-
Notifications
You must be signed in to change notification settings - Fork 106
GSoCIdeas
This is the ideas page for Google Summer of Code. We have listed a handful of interesting project ideas that would benefit not only the S-Space package, but the many researchers that use the package for their projects worldwide. Our key goals are to make the package more useful, more flexible, and more reliable.
Our projects are designed to give you a taste for both high quality development and exposure to interesting research questions. We want to feed for your passion for development and research with interesting, challenging and meaningful projects!
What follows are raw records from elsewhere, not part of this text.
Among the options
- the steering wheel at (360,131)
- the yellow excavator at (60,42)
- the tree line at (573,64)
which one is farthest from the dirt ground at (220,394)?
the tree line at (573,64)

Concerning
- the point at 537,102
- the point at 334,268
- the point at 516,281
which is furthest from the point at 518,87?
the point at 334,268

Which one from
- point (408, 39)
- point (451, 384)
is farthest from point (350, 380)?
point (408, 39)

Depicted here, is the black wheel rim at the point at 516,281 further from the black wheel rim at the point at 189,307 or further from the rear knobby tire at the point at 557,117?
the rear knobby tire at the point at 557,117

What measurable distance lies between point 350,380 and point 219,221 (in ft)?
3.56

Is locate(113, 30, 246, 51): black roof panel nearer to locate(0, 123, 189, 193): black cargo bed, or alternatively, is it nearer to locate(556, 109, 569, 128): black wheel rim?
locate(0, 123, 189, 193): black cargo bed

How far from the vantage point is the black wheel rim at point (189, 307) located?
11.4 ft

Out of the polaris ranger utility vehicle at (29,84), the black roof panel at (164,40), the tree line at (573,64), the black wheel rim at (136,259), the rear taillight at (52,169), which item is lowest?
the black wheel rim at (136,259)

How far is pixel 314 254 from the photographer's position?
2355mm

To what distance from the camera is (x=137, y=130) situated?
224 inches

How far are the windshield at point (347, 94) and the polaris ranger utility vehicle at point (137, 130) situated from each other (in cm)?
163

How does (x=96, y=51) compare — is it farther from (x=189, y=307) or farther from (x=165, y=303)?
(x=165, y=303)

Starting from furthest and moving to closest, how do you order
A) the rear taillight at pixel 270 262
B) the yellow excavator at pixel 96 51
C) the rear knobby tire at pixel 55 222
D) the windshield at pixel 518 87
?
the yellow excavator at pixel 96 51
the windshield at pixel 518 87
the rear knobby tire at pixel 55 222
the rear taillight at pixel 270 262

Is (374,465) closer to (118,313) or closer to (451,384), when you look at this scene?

This list is just an overview of some major projects that the team has been thinking of doing. If any interest you or you would like more information on any of them, please send us an email our development list [email protected]. Also, this list is not comprehensive, if you have any ideas beyond what we've listed, we're very interested to hear them, so please share any other ideas you have via the mailing list, and we can find a way to turn the idea into a full GSoC project.
New things you will learn as a part of working with us:
- Industrial-quality Java development with a focus on scalability, memory efficiency and concurrency
- All about the [Distributional Hypothesis] (http://en.wikipedia.org/wiki/Distributional_hypothesis) and [ distributional semantics] (http://en.wikipedia.org/wiki/Statistical_semantics)
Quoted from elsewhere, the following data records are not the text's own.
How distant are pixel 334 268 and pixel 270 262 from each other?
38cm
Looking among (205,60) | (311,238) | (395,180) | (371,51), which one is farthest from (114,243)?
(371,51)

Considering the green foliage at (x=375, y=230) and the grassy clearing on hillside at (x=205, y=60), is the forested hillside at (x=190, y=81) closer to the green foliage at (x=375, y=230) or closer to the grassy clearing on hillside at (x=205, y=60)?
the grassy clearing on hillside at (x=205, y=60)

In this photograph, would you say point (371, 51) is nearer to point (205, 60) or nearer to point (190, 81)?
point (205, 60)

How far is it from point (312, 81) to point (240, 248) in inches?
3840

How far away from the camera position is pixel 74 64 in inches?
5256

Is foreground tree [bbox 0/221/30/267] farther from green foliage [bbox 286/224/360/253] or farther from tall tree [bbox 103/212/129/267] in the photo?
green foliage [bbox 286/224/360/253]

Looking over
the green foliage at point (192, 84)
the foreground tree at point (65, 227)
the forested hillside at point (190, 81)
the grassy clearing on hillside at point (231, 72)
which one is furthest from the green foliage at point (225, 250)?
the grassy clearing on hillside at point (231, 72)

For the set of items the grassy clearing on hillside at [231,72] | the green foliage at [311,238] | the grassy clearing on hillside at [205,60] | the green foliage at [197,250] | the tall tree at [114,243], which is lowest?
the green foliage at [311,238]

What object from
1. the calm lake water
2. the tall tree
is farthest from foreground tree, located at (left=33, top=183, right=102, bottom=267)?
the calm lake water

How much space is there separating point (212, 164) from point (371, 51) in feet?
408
- New and interesting ideas in [Natural Language Processing] (http://en.wikipedia.org/wiki/Natural_language_processing) and [Computational Linguistics] (http://en.wikipedia.org/wiki/Computational_linguistics)
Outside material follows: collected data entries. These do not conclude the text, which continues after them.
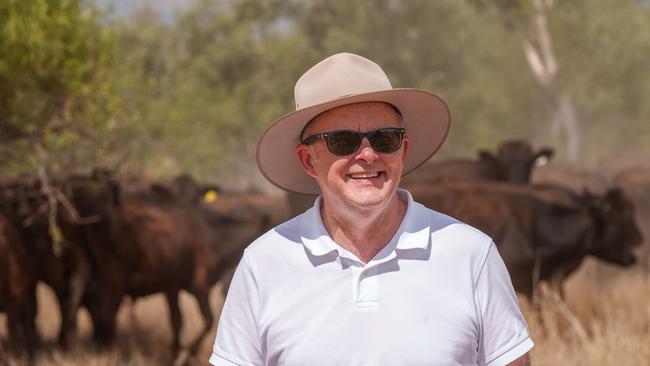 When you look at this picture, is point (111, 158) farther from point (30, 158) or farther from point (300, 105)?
point (300, 105)

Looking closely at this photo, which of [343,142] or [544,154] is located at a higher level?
[343,142]

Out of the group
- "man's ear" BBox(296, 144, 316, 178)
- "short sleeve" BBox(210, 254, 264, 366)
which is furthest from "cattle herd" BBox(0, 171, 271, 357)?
"short sleeve" BBox(210, 254, 264, 366)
Tools you will learn in your projects (if you didn't know them already)
- [Maven] (http://ant.apache.org/)
- [Git] (http://git-scm.com/)
- [Concurrent] (http://java.sun.com/developer/technicalArticles/J2SE/concurrency/) Java programming
- Writing unit tests with [jUnit] (http://www.junit.org/)
Things you can expect from us:
- Guidance to help you select your project and future directions. We want you have a clear vision of what you're getting into and hopefully a lot of excitement as well.
- Full support via email, IM, and IRC for all your questions to ensure you are able to keep making progress. Getting stuck or not knowing what to do next is frustrating; we want your development experience to be both fun and challenging!
- Constant encouragement. Your work really matters to researchers around the world and we want you to know it.
- Respect for your passion and development skills.
How to get started:
- Read up on [distributional semantics] (http://en.wikipedia.org/wiki/Statistical_semantics) to get an idea of what we do and what kinds of problems people are solving with the S-Space Package.
- Download or check out the latest source code
- Join our mailing list, [email protected]
- Download a corpus to play around with some of the algorithms. A
txt
version of one of Project Gutenberg's [top 100 books] (http://www.gutenberg.org/browse/scores/top) makes a great start. (If you have some space available the [Open American Corpus] (http://americannationalcorpus.org/OANC/index.html#download) or a [Wikipedia snapshot] (http://download.wikimedia.org/enwiki/latest/enwiki-latest-pages-articles.xml.bz2) make for interesting corpora.) - Run any of the algorithms over your corpus to build a semantic space. Load it into [SemanicSpaceExplorer] (http://code.google.com/p/airhead-research/wiki/SemanticSpaceExplorer) and see what you can discover.
- Do the neighbors of words seem to capture some related properties?
- Are neighbors synonyms or are they related in a different way?
- How does word frequency affect your results?
- How do the neighbors change between different algorithms?
- If you're feeling ambitious, consider reading Turney and Pantel's (2010) [survey] (http://www.patrickpantel.com/cgi-bin/web/tools/getfile.pl?type=paper&id=2010/jair10.pdf) of the different distributional approaches. This will provide more context for what you might be working on, but don't feel obligated to read all of it. :)
- Email us! We love to hear from our users.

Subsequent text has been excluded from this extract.